US Solar Startup Silevo Moves to Hangzhou
Startup company starts work on 30 MW photovoltaic facility after raising US$55 mil
On October 12th, Silevo, a California start-up solar technology company, announced plans to manufacture their new hybrid solar cell in China.
According to statements from Chris Beitel, vice president of business development for Silevo, China’s incentive programs offered Silevo the opportunity to manufacture at a lower cost. Beitel, pointed out, however, that the company's manufacturing to China was not an easy decision. “We absolutely did an intense assessment of all the various options—we looked at California, Oregon, and Arizona,” he said.
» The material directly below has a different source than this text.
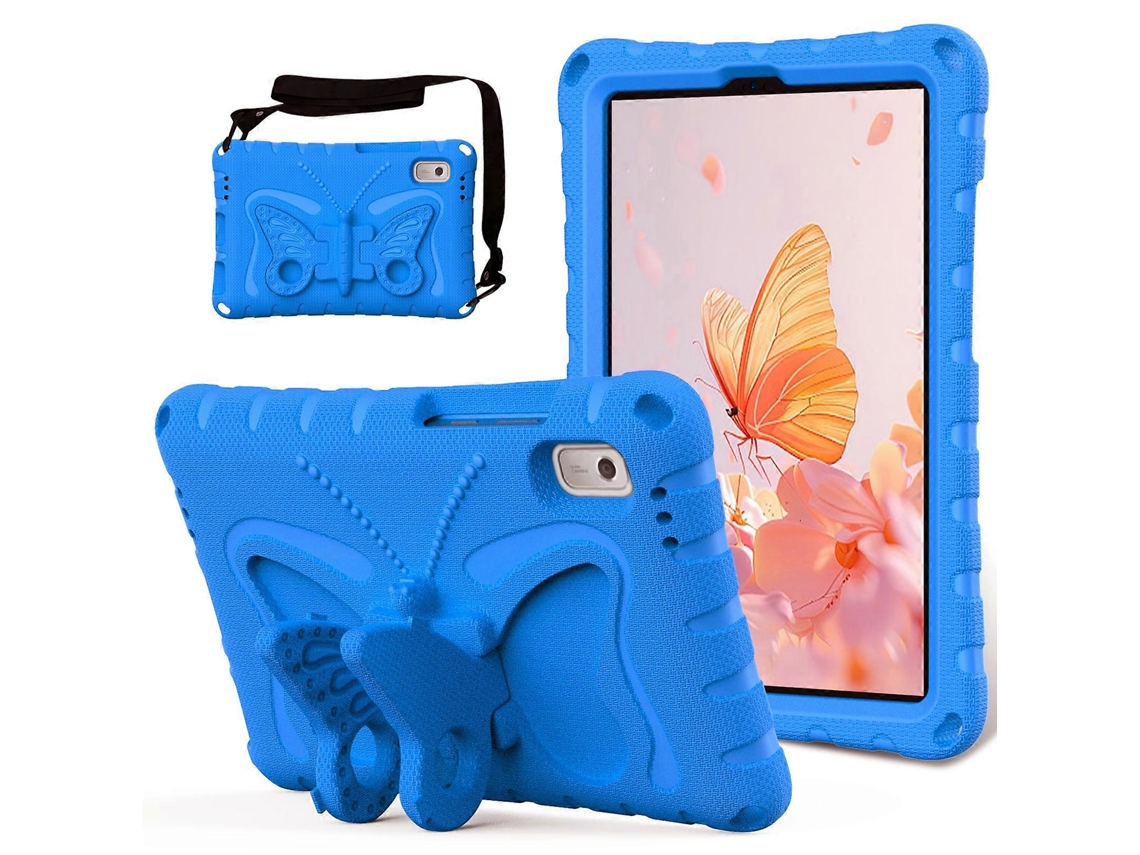 Capa para Lenovo Tab M9 com suporte de borboleta e alça de ombro, azul Chennnls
Financial support from the Chinese government played a significant role in drawing the project to China and to Hanghzou. Silevo’s co-founder and CEO, Zheng Xu, has taken advantage of the Chinese government's incentives for alternative energy projects and for high tech projects founded by returning Chinese businesspeople to help secure a financial package that includes tax breaks, grants and land, Beitel said. Building the factory in China will be $0.18-$0.20 cents per watt lower than building the factory in the U.S., Beitel said.
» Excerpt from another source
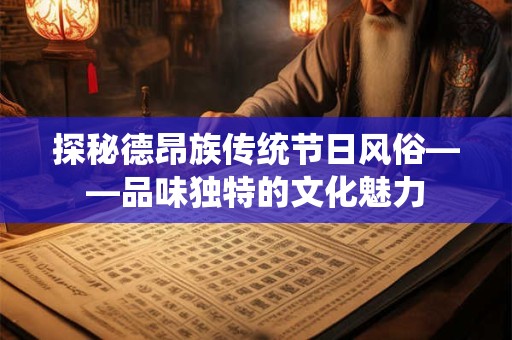 探秘德昂族传统节日风俗——品味独特的文化魅力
The decision by Silevo was paralleled a week later when another solar cell startup, Sunpreme announced its decision to set up production in Jiaxing, China near Shanghai. In September, innovative battery developer, Boston-Power announced similar plans to relocate to China.
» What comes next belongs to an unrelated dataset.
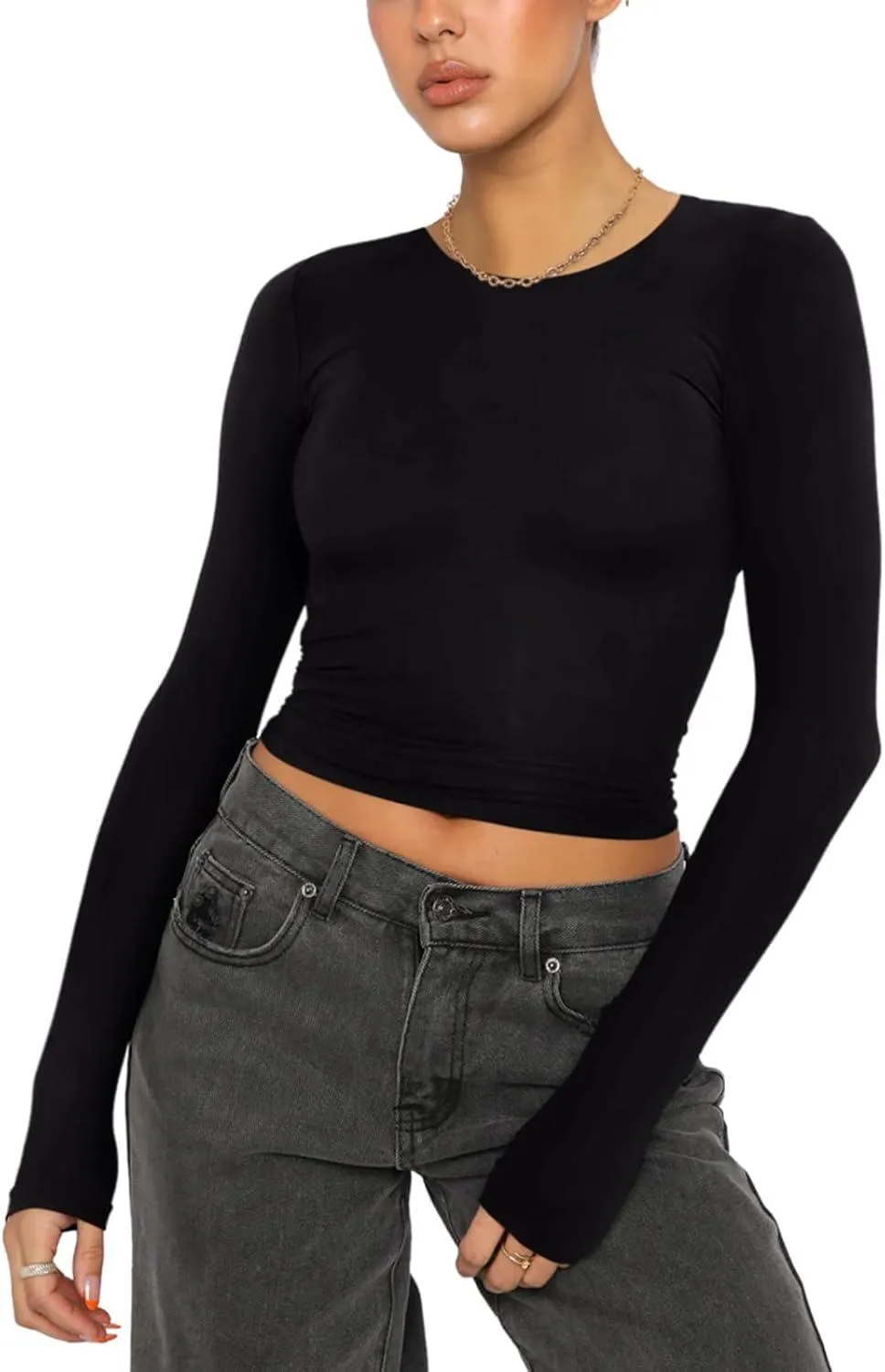 Effortless Charm Crew Neck Long Sleeve Top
Aside from the incentives, Beitel explained that China appealed to the owners of the company because both had business ties in China from previous ventures. The availability of China-based venture capital also played a significant role in making this new phase of the company's growth possible.
Silevo has raised $55 million in venture capital from investors, including three China-based firms: DT Capital (affiliated with Madrone Capital), NewMargin Ventures, and GSR Ventures (connected to Mayfield Fund), said Beitel.
The company is using the proceeds of its fundraising to build a 30 MW factory in Hangzhou, China, and expects to bring the factory into full production mode during the first quarter of 2012. The company plans to add another 200 MW in 2013 if demand is there. Beitel declined to discuss whether the company has customers at this stage.
While China will house their manufacturing for now, the company may look to new locations when they outgrow their future site. “It’s a commitment that we have for phase one,” said Beitel. “When we look to expand to a phase two, we will certainly look into our options.”
Although the company is based in California and will distribute mainly in the U.S., the choice to manufacture in China takes a primary business component offshore. But, as Beitel points out, the choice is not at all uncommon for U.S. businesses.
“For us, it’s very important to have the right cost ratio,” he said. “We do that two ways—one is through the operation strategy, and the second is through our fundamental product. The manufacturing strategy was a difficult decision, but if you look at other peers, like Intel or Apple, all of their manufacturing has been done offshore in China. We thought this was the appropriate stage for us moving forward.”